===== Provided information =====

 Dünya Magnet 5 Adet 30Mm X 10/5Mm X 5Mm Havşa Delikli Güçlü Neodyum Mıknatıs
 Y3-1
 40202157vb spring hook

=====
===== Provided information =====

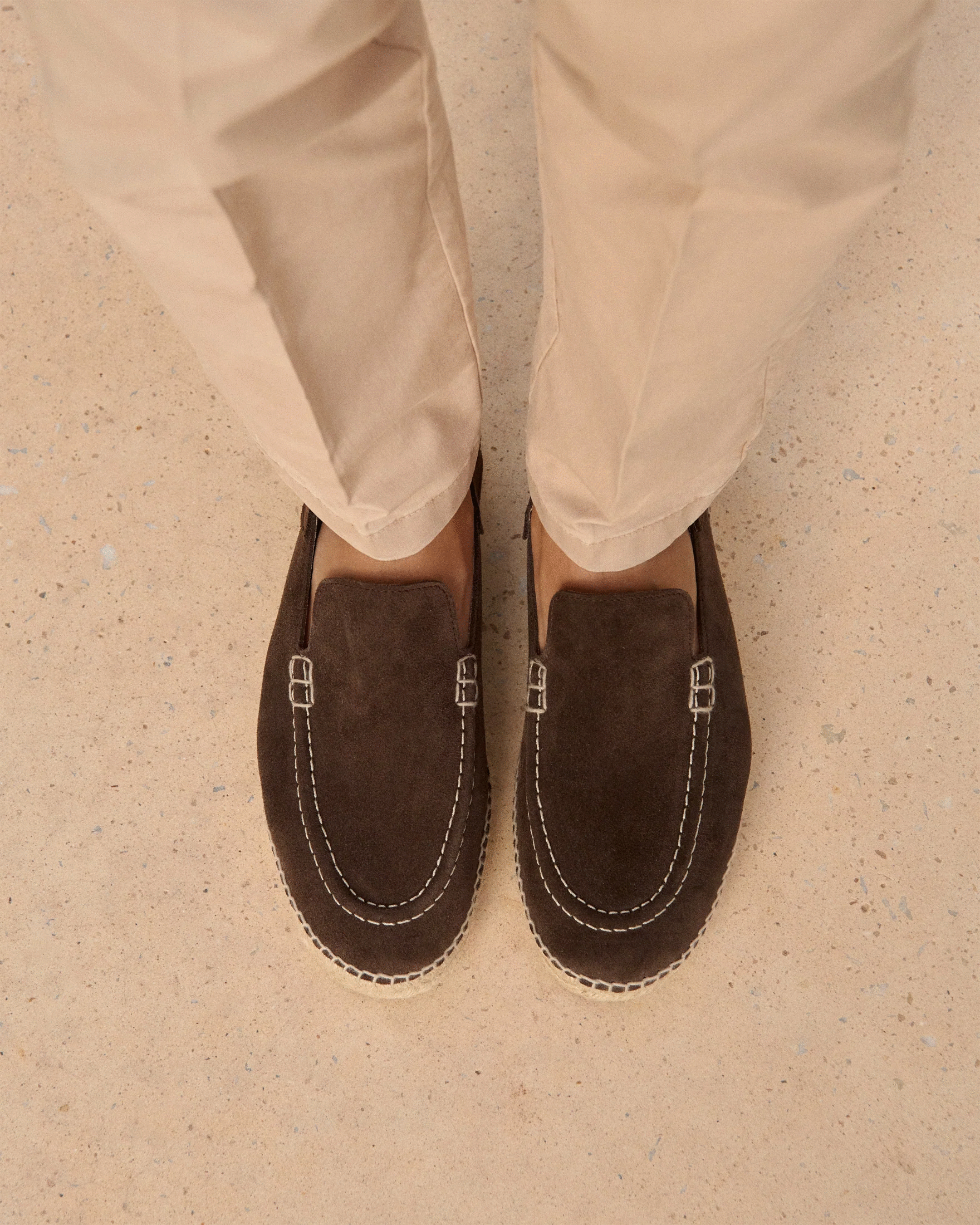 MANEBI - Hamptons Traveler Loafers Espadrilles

=====
===== Provided information =====

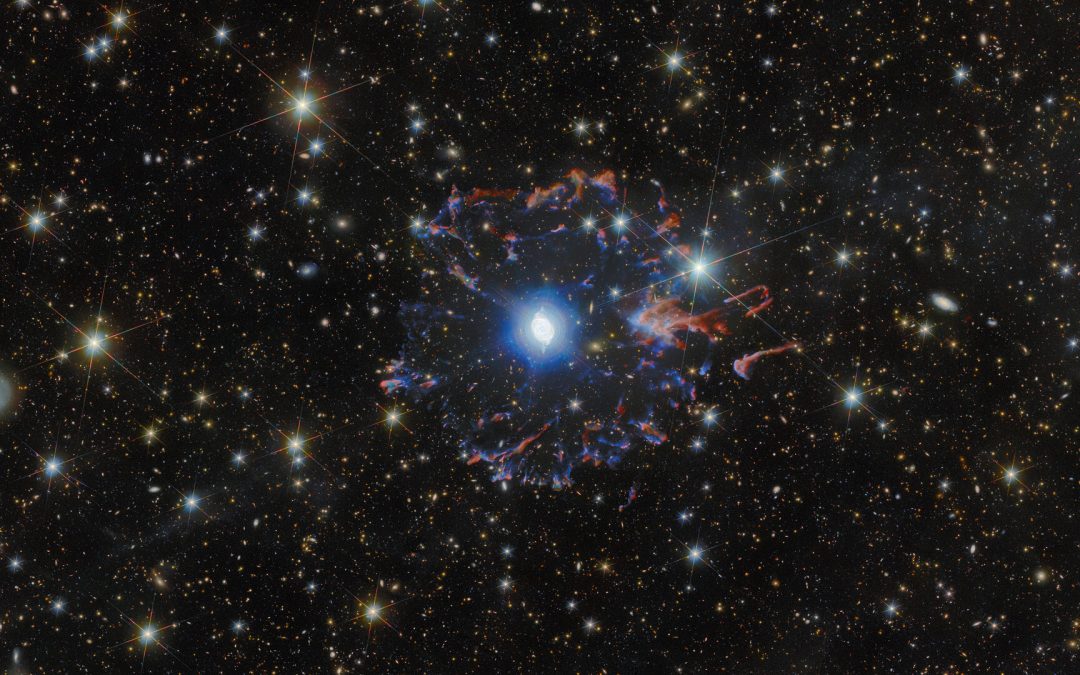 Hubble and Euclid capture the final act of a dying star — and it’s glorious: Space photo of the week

=====

Problem details — Please reproduce exactly the lines in the listing above from the one containing "Dünya Magnet 5" through the one containing "40202157vb spring hook", both included, and nothing more.

Solved exercise —
 Dünya Magnet 5 Adet 30Mm X 10/5Mm X 5Mm Havşa Delikli Güçlü Neodyum Mıknatıs
 Y3-1
 40202157vb spring hook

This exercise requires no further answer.